Question

P is a variable point on the line L = 0. Tangents are drawn to the circles ${x^2} + {y^2} = 4$ from P to touch it at Q and R. the parallelogram PQSR is completed. If P = (3, 4), then the coordinates of S are
$\left( a \right)\left( {\dfrac{{ - 46}}{{25}},\dfrac{{63}}{{25}}} \right)$
$\left( b \right)\left( {\dfrac{{ - 51}}{{25}},\dfrac{{ - 68}}{{25}}} \right)$
$\left( c \right)\left( {\dfrac{{ - 46}}{{25}},\dfrac{{68}}{{25}}} \right)$
$\left( d \right)\left( {\dfrac{{ - 68}}{{25}},\dfrac{{51}}{{25}}} \right)$

Answer 1

Hint: In this particular question first draw the pictorial representation of the above problem it will give us a clear picture of what we have to find out, then use the concept if all the sides of a parallelogram are equal then it a rhombus so use these concepts to reach the solution of the question.

Complete step-by-step solution:

The pictorial representation of the above problem is shown in the above figure.
From a point, P two tangents are drawn which touches the circle at point Q and R as shown in the above figure.
Now as we know that the tangents are drawn from an external point on the circle always have the same length.
So the length of PQ and PR has the same lengths........................ (1)
Now it is given that PQSR is a parallelogram i.e. opposite sides of PQSR are equal and parallel.
I.e.
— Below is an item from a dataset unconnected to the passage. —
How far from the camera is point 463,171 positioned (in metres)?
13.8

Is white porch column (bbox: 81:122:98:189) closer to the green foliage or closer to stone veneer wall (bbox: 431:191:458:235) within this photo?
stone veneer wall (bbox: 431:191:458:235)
PR = QS and RS = PQ.............. (2)
Therefore, from (1) and (2) we have,
PQ = QS = SR = RP.
Now as we know that if all the lengths of the sides are equal and they are not perpendicular to each other then it is a Rhombus.
So, PQSR is a rhombus.
So the point S is a mirror image of the point P (3, 4) and passing from the center of the circle.
Let the coordinates of S is (a, b).
Now the equation of the circle is ${x^2} + {y^2} = 4$.
So the center and radius of the circle are (0, 0) and 2 units.
So the PS passing from the point (0, 0).
Now the equation of line passing from points $\left( {{x_1},{y_1}} \right){\text{ and }}\left( {{x_2},{y_2}} \right)$ is given as
$\left( {y - {y_1}} \right) = \dfrac{{{y_2} - {y_1}}}{{{x_2} - {x_1}}}\left( {x - {x_1}} \right)$
Let, $\left( {{x_1},{y_1}} \right) = \left( {0,0} \right)$, and $\left( {{x_2},{y_2}} \right) = \left( {3,4} \right)$
So the equation of line is,
$ \Rightarrow 3y = 4x$
Now the equation is also passing from the point (a, b) so it satisfies the above equation so we have,
$ \Rightarrow 3b = 4a$
$ \Rightarrow \dfrac{a}{b} = \dfrac{3}{4}$
So the ratio of a to b is 3 : 4.
Now check all the options
Option (a)
(a, b) = $\left( {\dfrac{{ - 46}}{{25}},\dfrac{{63}}{{25}}} \right)$
So, $\dfrac{a}{b} = \dfrac{{\dfrac{{ - 46}}{{25}}}}{{\dfrac{{63}}{{25}}}} = \dfrac{{ - 46}}{{63}}$
So this is not the coordinates of S.
Option (b)
(a, b) = $\left( {\dfrac{{ - 51}}{{25}},\dfrac{{ - 68}}{{25}}} \right)$
So, $\dfrac{a}{b} = \dfrac{{\dfrac{{ - 51}}{{25}}}}{{\dfrac{{ - 68}}{{25}}}} = \dfrac{{51}}{{68}} = \dfrac{3}{4}$
So this is the coordinates of S.
Option (c)
(a, b) = $\left( {\dfrac{{ - 46}}{{25}},\dfrac{{68}}{{25}}} \right)$
So, $\dfrac{a}{b} = \dfrac{{\dfrac{{ - 46}}{{25}}}}{{\dfrac{{68}}{{25}}}} = \dfrac{{ - 46}}{{68}} = \dfrac{{ - 23}}{{34}}$
So this is not the coordinates of S.
Option (d)
(a, b) = $\left( {\dfrac{{ - 68}}{{25}},\dfrac{{51}}{{25}}} \right)$
So, $\dfrac{a}{b} = \dfrac{{\dfrac{{ - 68}}{{25}}}}{{\dfrac{{51}}{{25}}}} = \dfrac{{ - 68}}{{51}} = \dfrac{{ - 4}}{3}$
So this is not the coordinates of S.
Hence option (b) is the correct answer.

Note: Whenever we face such types of questions the key concept we have to remember is that the tangents drawn from an external point on the circle is always have same length, and always recall that the equation of line passing from points $\left( {{x_1},{y_1}} \right){\text{ and }}\left( {{x_2},{y_2}} \right)$ is given as, $\left( {y - {y_1}} \right) = \dfrac{{{y_2} - {y_1}}}{{{x_2} - {x_1}}}\left( {x - {x_1}} \right)$